“Cidade das Rosas”, curta-metragem produzido em Florianópolis, é selecionado para o Festival d’Annecy e o Chilemonos
O Brasil cometeu, em uma instituição psiquiátrica em Minas Gerais, um dos maiores crimes contra a humanidade do século XX. Entre as décadas de 1930 e 1980, mais de 60 mil pessoas morreram no Hospital Colônia de Barbacena, vítimas de fome, frio, maus-tratos e abandono. A maioria nunca havia recebido diagnóstico de doença mental.
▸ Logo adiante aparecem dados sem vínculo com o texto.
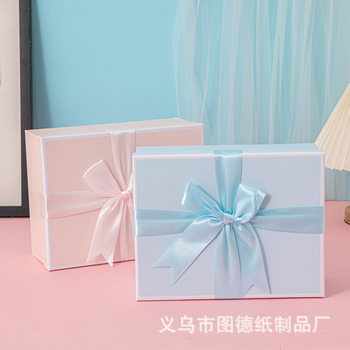 Large Pink Bow Tanabata Gift Box Birthday Gift Box Rectangular Hand Gift Box Skin Care Product Cover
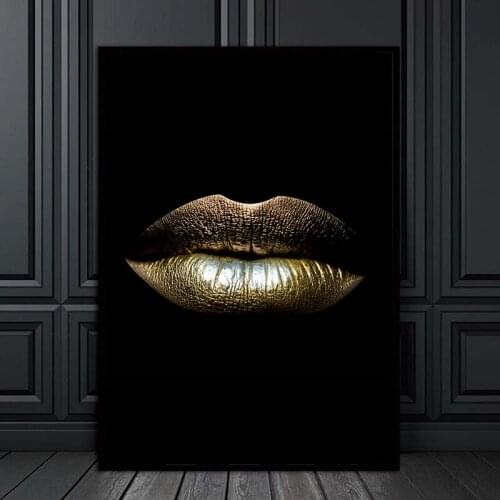 Nordic Sexy Black Women Gold Lips Canvas Paintings on Canvas Makeup Girls Posters and Prints Wall Art Pictures for Home Decor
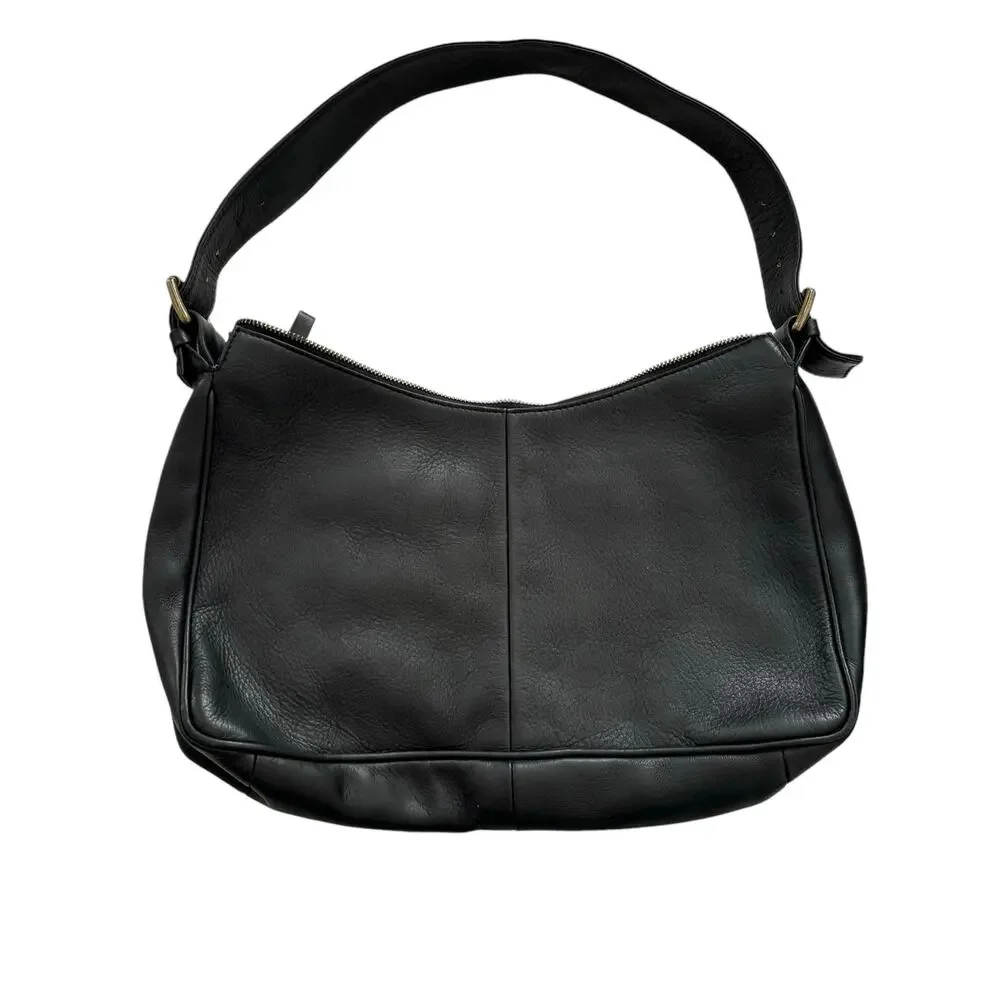 HOBO INTERNATIONAL BLACK LEATHER SHOULDER BAG CASUAL CLASSIC 13"x 8" - Picture 11 of 12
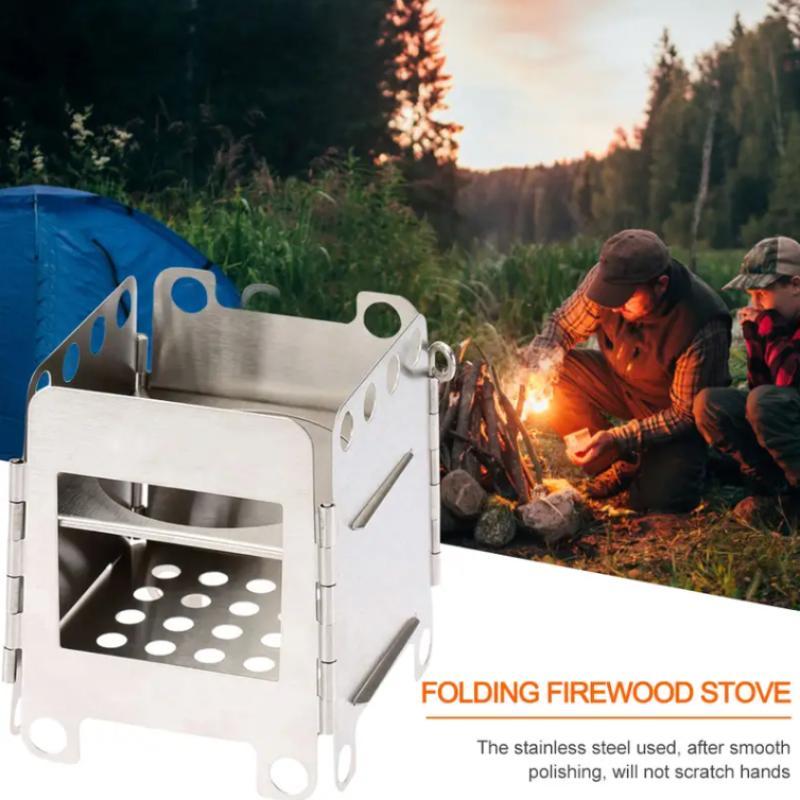 Outdoor Camping Stove, Portable Folding Wood Stove, Collapsible Camping Cooking Stove, Camping Kitchenware for Outdoor Picnic, Hunting, Camping Gadgets 2024, Camping Gear, Camping Accessories Camping Essentials, Camping Must Haves, Christmas Gift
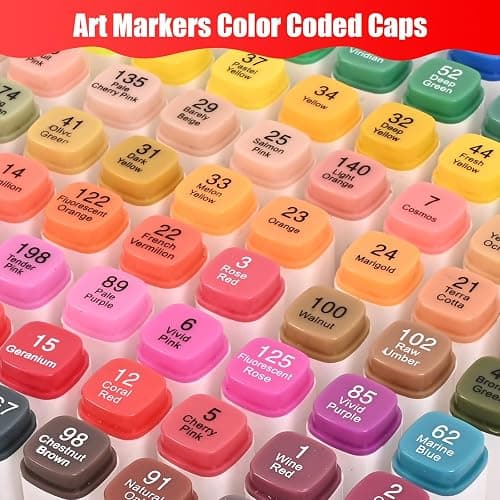 Taotree Alcohol Markers 100 Colors with Case & Holders, Dual Tips Art Coloring Markers Pens, Chisel & Fine Art Supplies Sketch Pens for Artist Kids Adult Coloring Books Drawing, Painting, Sketching thumbnail 5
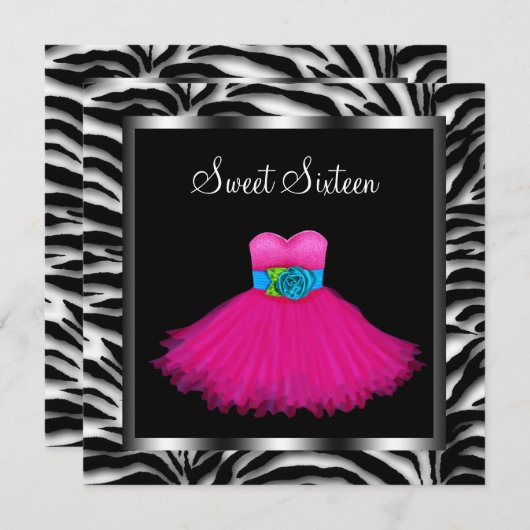 Roze Zebra Sweet Sixteen Verjaardagsfeest Kaart (Voorkant / Achterkant)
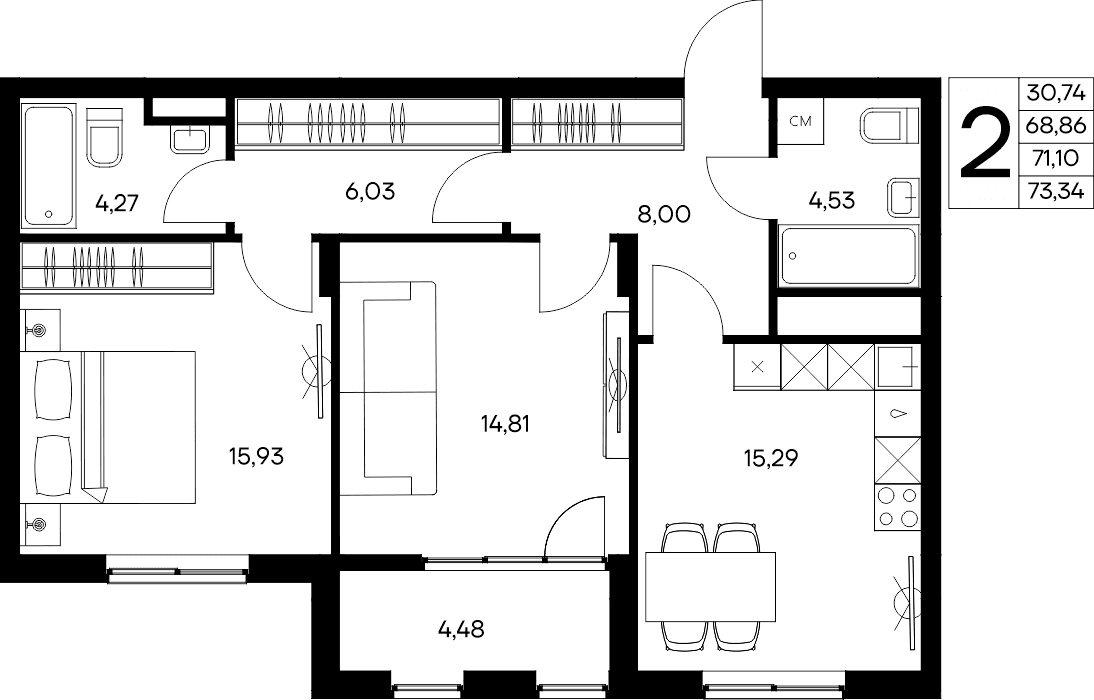 2-к, 73.34 м² · Листория
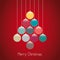 Christmas balls tree twine red background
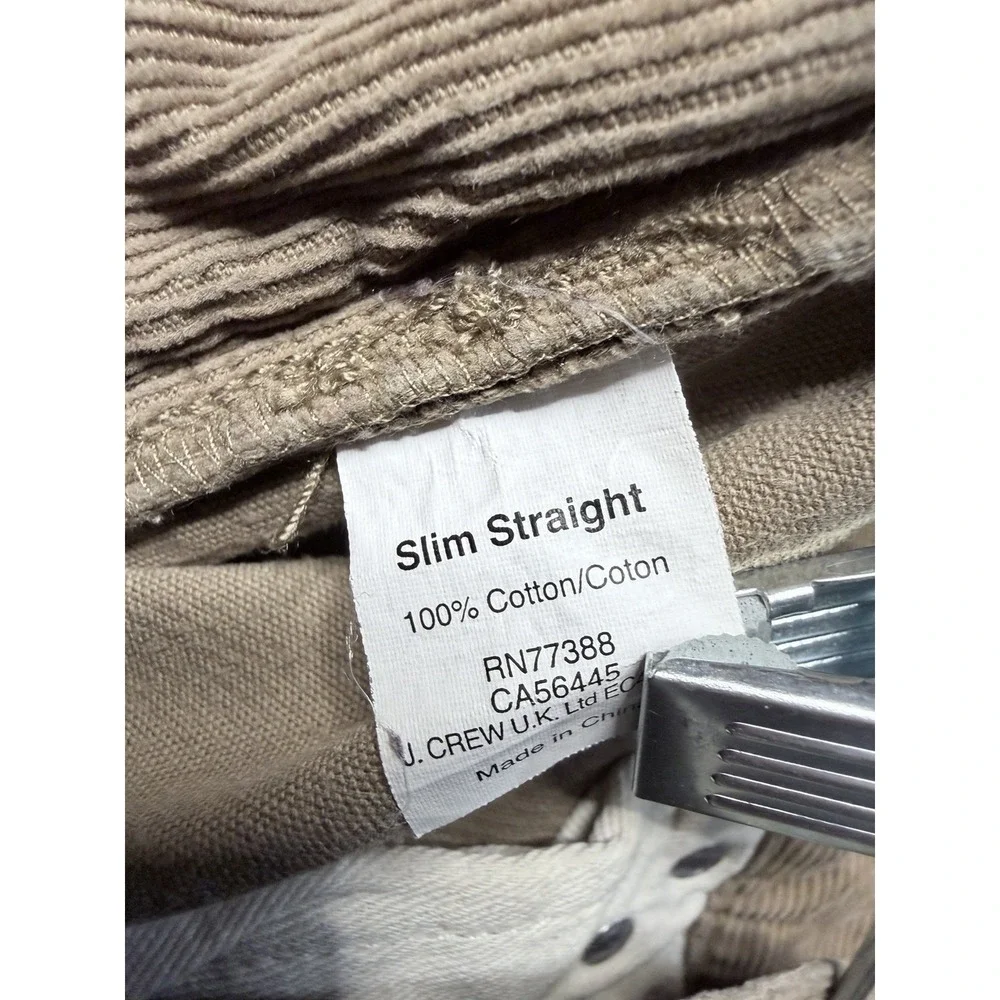 J Crew Corduroy‎ Pants Men 34x34 Brown Slim Fit Preppy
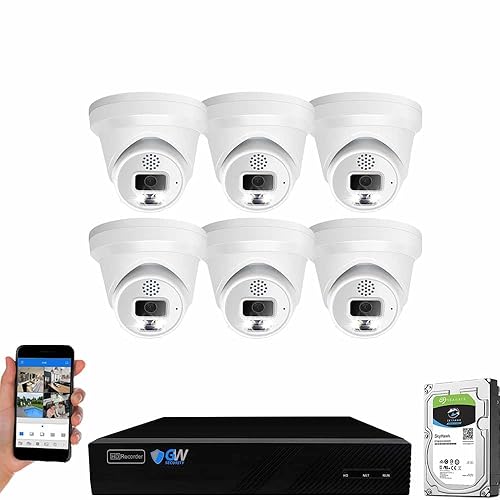 GW Security 8 Channel 8MP Fulltime Color Night Vision 4K NVR Security Camera System with 6 UltraHD 4K IP Two-Way Audio Outdoor/Indoor Smart AI Human
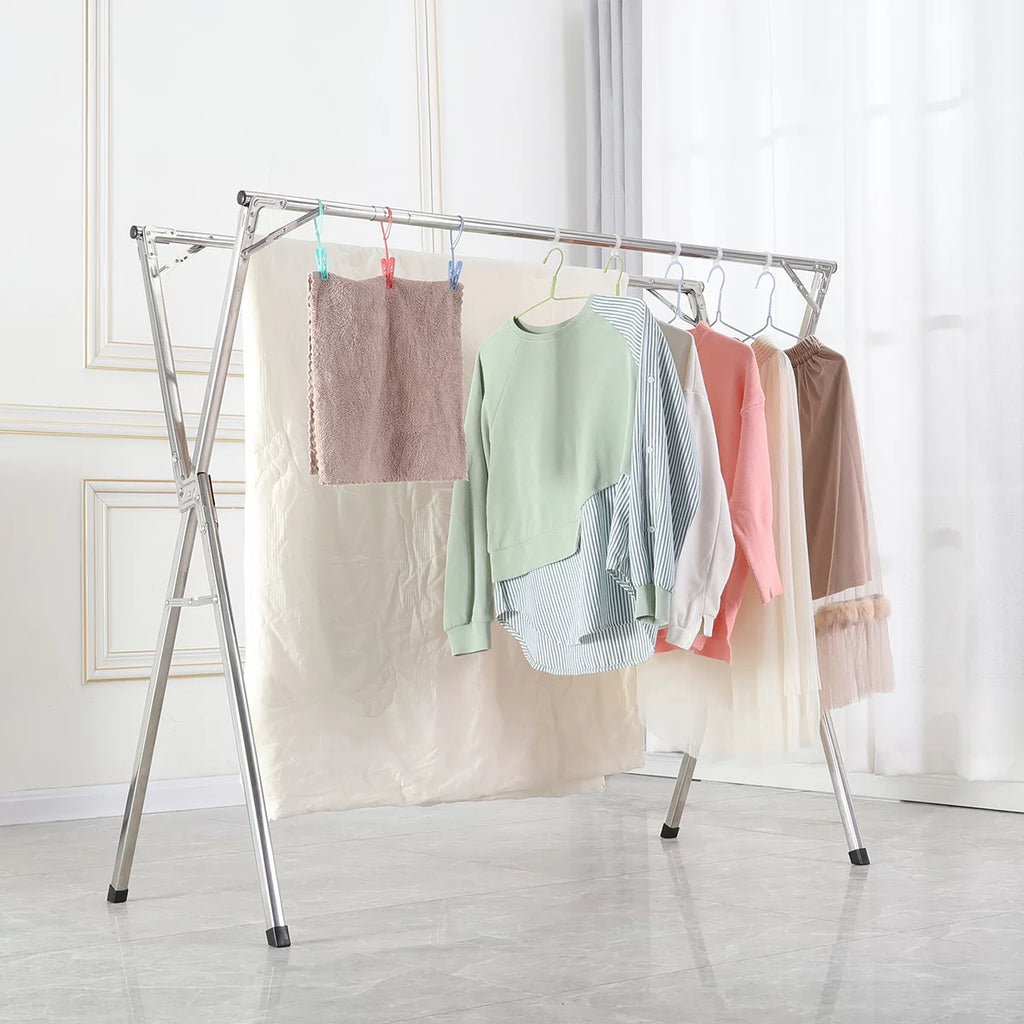 Stainless Steel Clothes Drying Rack 79 Inches Adjustable Folding C834009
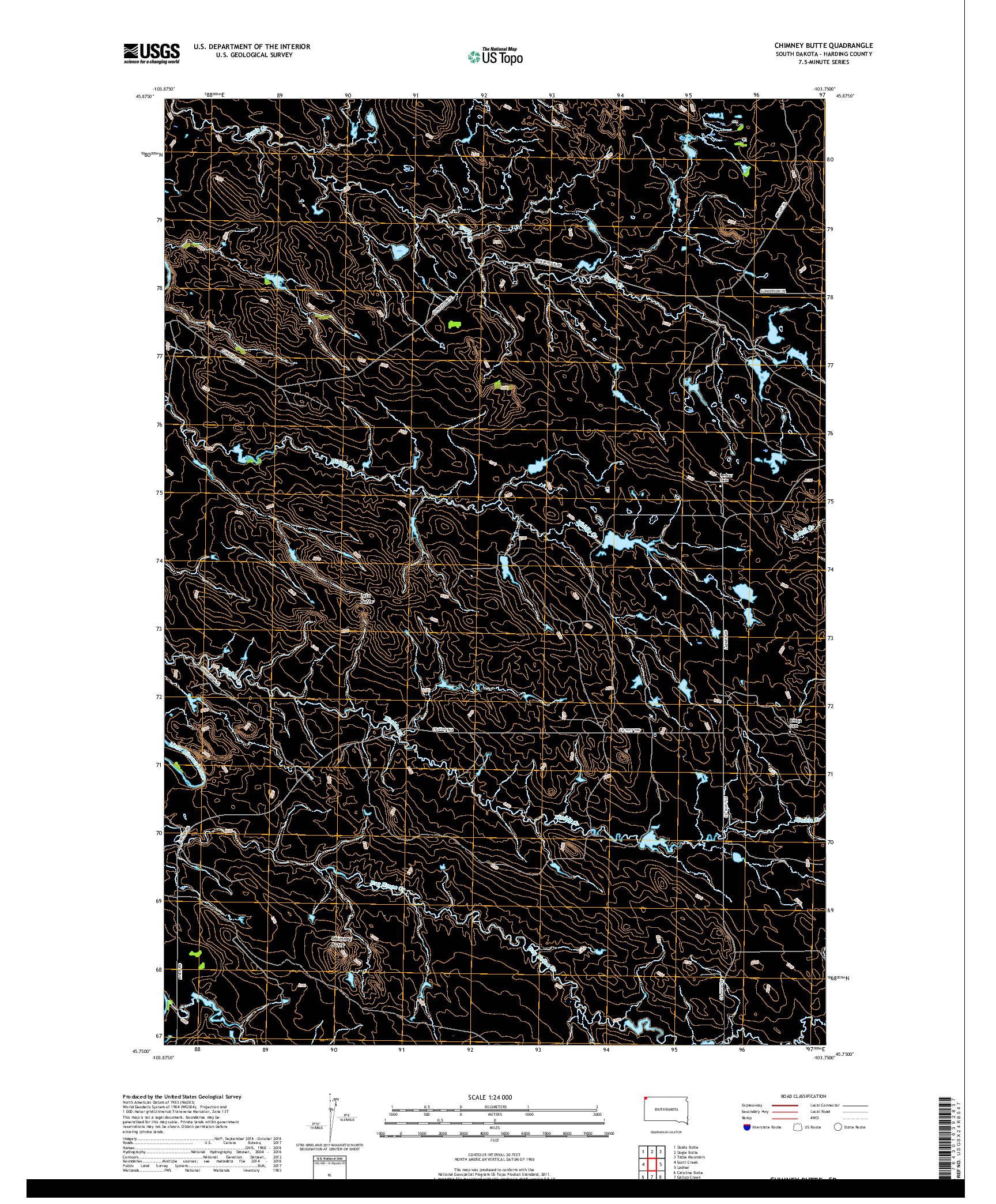 USGS US TOPO 7.5-MINUTE MAP FOR CHIMNEY BUTTE, SD 2017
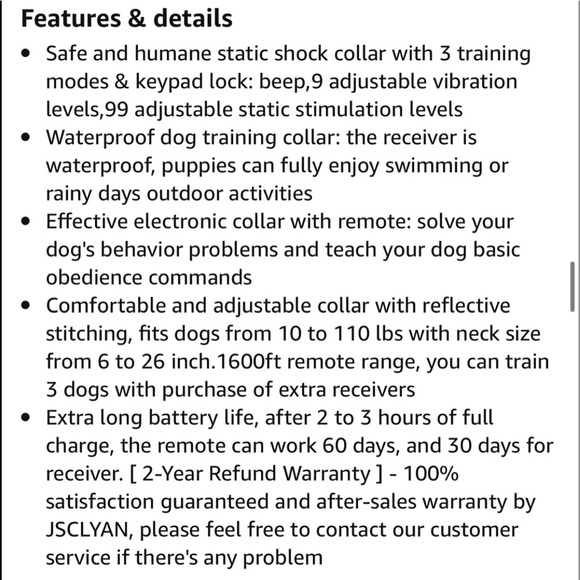 Waterproof Dog Training Collar, Rechargeable Shock Collar for Medium, Large Dogs - Picture 10 of 12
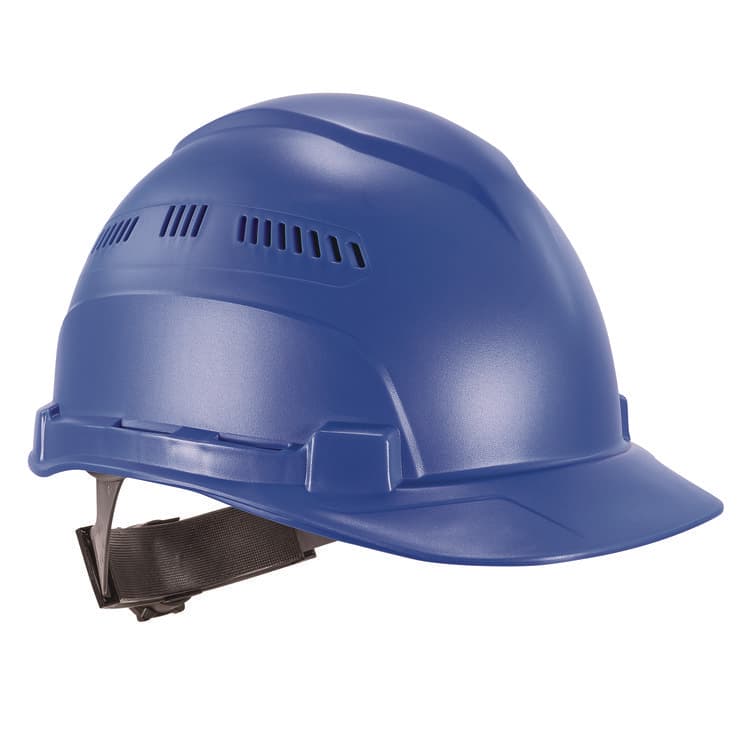 ERGODYNE CORPORATION Skullerz 8966 Class C Lightweight Cap-Style Hard Hat, Adjustable Venting, 6-Point Rachet Suspension, Blue (EGO60271)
O episódio, documentado pela jornalista Daniela Arbex, no livro-reportagem “Holocausto Brasileiro” (2013), finalista do Prêmio Jabuti e posteriormente adaptado em documentário pela HBO, segue como um trauma que a história brasileira ainda busca compreender. “Cidade das Rosas” reitera a urgência da construção dessa memória coletiva, dando voz e imagem aos corpos que décadas de silenciamento insistiram em apagar.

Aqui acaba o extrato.